### INPUT DATA
============
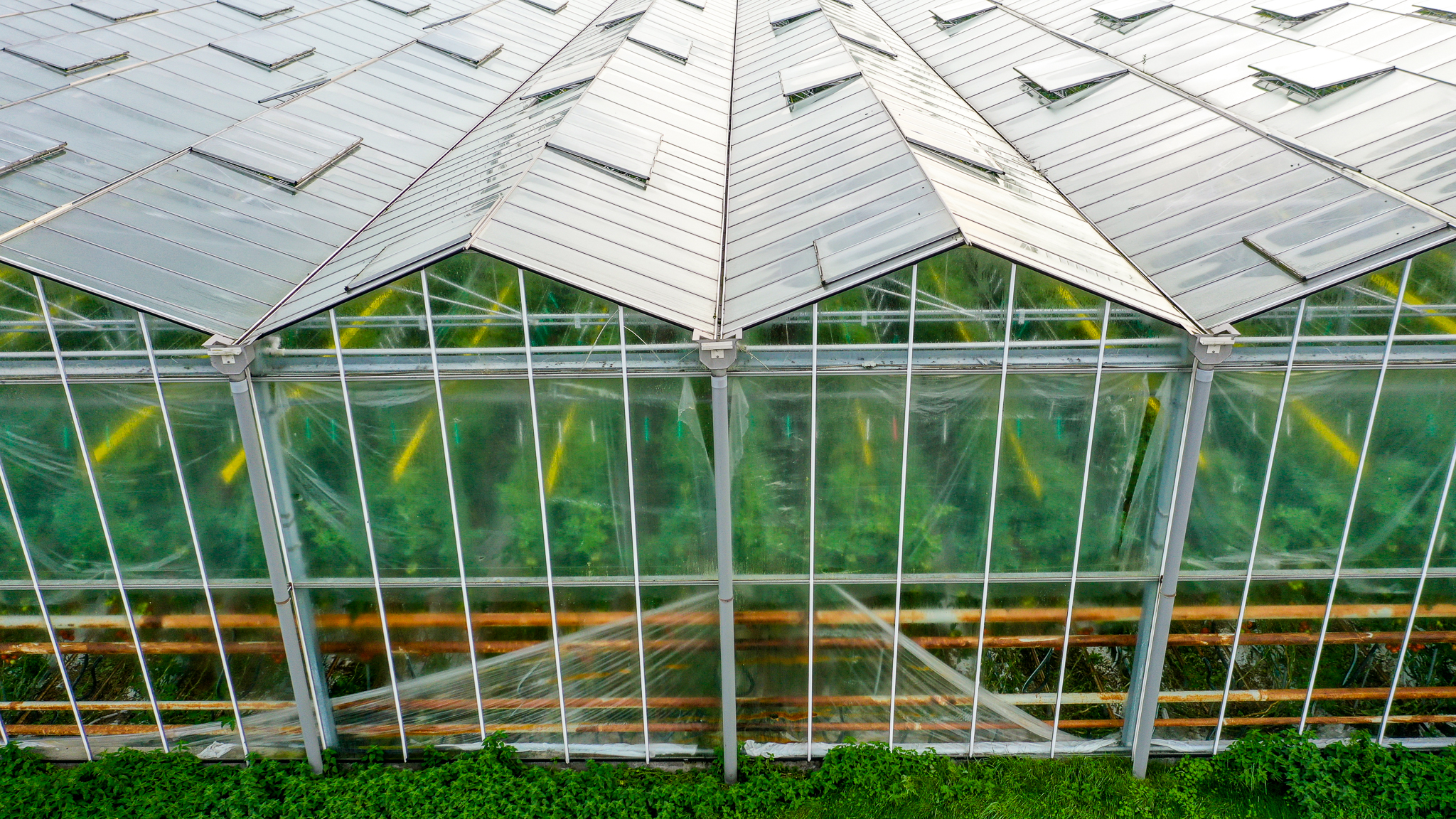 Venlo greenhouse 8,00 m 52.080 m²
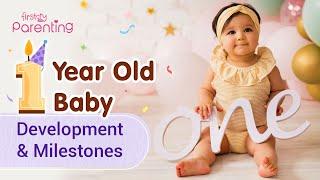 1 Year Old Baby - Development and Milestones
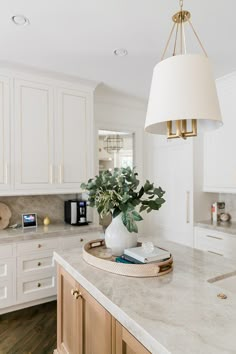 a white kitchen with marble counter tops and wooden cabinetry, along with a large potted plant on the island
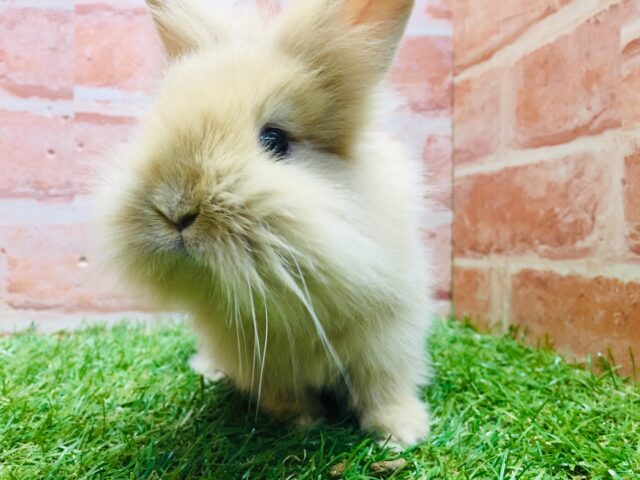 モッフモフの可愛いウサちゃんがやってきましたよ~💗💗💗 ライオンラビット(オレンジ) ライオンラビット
============
### WORK INSTRUCTION
Restate the full listing word for word, excluding images.

### EXERCISE RESPONSE
 Venlo greenhouse 8,00 m 52.080 m²
 1 Year Old Baby - Development and Milestones
 a white kitchen with marble counter tops and wooden cabinetry, along with a large potted plant on the island
 モッフモフの可愛いウサちゃんがやってきましたよ~💗💗💗 ライオンラビット(オレンジ) ライオンラビット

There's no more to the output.